I got a device pointer from rtBufferGetDevicePointer() then tried to use cudaMemcpy() to copy data from host to OptiX buffer, but the buffer doesn’t seem to be updated. The code is like this:

optix::Buffer buf;
float data[numElements]; // set up somewhere
float *d_ptr;
float *h_ptr;
rtBufferGetDevicePointer( buf->get(), 0, &d_ptr);
cudaMemcpy( d_ptr, data, sizeof(float)*numElements, cudaMemcpyHostToDevice);
h_ptr = (float *)buf->map();  // not the same as data

Is it legit to do such kind of operation?
What kind of CUDA buffer OptiX utilizes?
Is constantly updating buffer through buffer mapping efficient?

OptiX doesn’t know that the data on the device is dirty, so it isn’t going to copy the data back to the host until you either tell OptiX that you dirtied the buffer (see rtBufferMarkDirty) or perhaps after a launch.

Thank you for for response.

I found out that I need to create OptiX buffer as RT_BUFFER_INPUT_OUTPUT to make cudaMemcpy() copy from host to device work. It was RT_BUFFER_INPUT. Don’t know if I misread the document, but doesn’t it read: “RT_BUFFER_INPUT - Only the host may write to the buffer.

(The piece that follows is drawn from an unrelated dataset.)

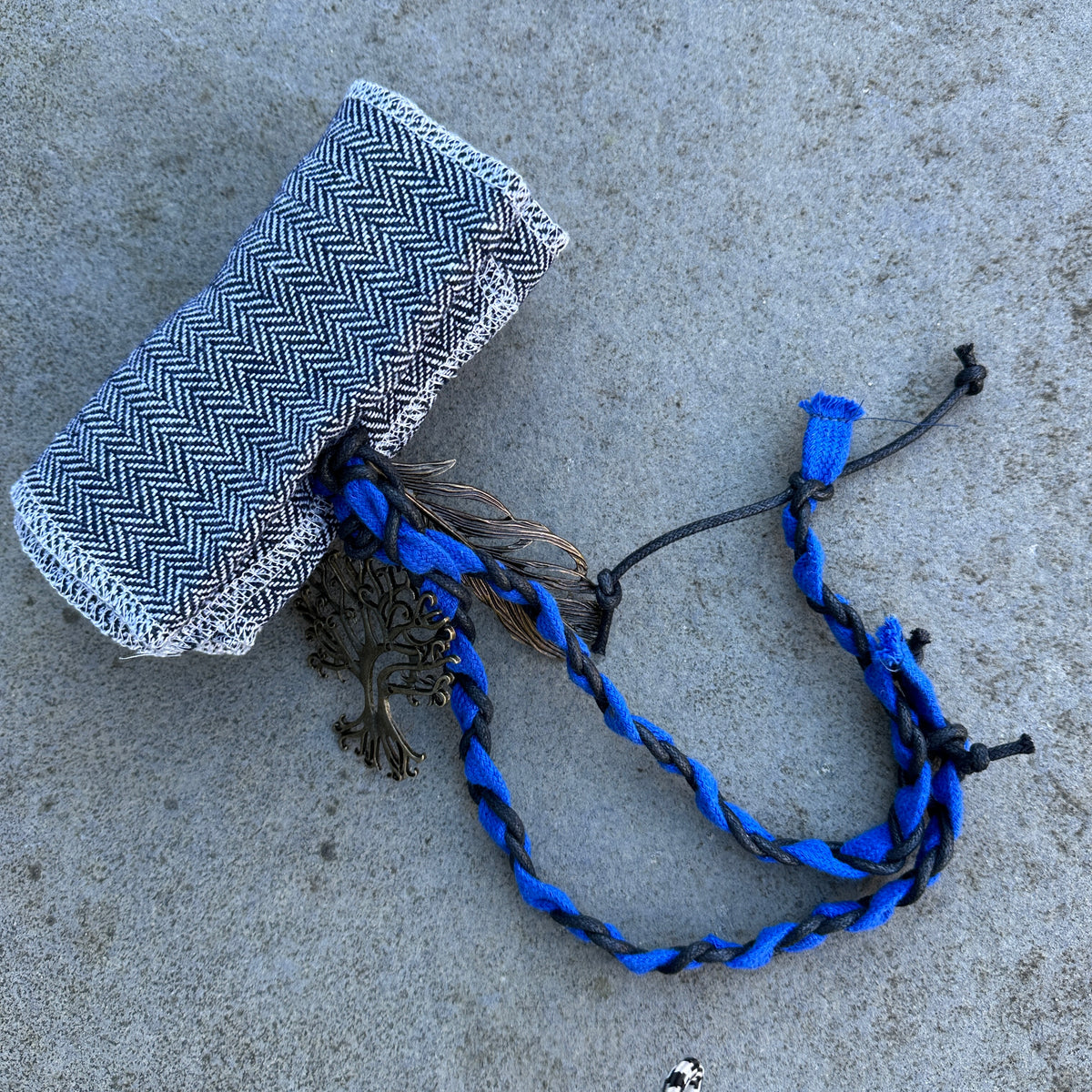 Blue wool LARP sash with tree charm and braided details on grey backdrop.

Data is transferred from host to device and device access is restricted to be read-only.”?

As for rtBufferMarkDirty(), I thought the term “dirty” is in sense of multi-GPU environment. When it’s marked dirty, it copy across devices. Does it also has effect on how host may get updated data from?

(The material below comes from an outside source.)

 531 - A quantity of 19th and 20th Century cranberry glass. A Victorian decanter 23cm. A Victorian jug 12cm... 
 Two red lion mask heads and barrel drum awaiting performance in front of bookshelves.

Finally, are following two statements equivalent?

memcpy( buf->map(), data, sizeof(float)*numElements);
buf->unmap();
rtBufferGetDevicePointer( buf->get(), 0, &d_ptr);
cudaMemcpy( d_ptr, data, sizeof(float)*numElements, cudaMemcpyHostToDevice);
buf->markDirty();  // if needed

Thank you!

Oh, yes, if you have input only buffers, the data from the device is never copied back to the host. You can map the host buffer, but you will only get what you put in it last.

Marking something dirty simply tells OptiX that you changed the data on the device outside of OptiX, and you are right that this has the most impact for multi-GPU setups where the buffer from one device needs to be copied to the other devices.

Your two code blocks are generally equivalent from the device’s point of view. Are you seeing behavior you weren’t expecting?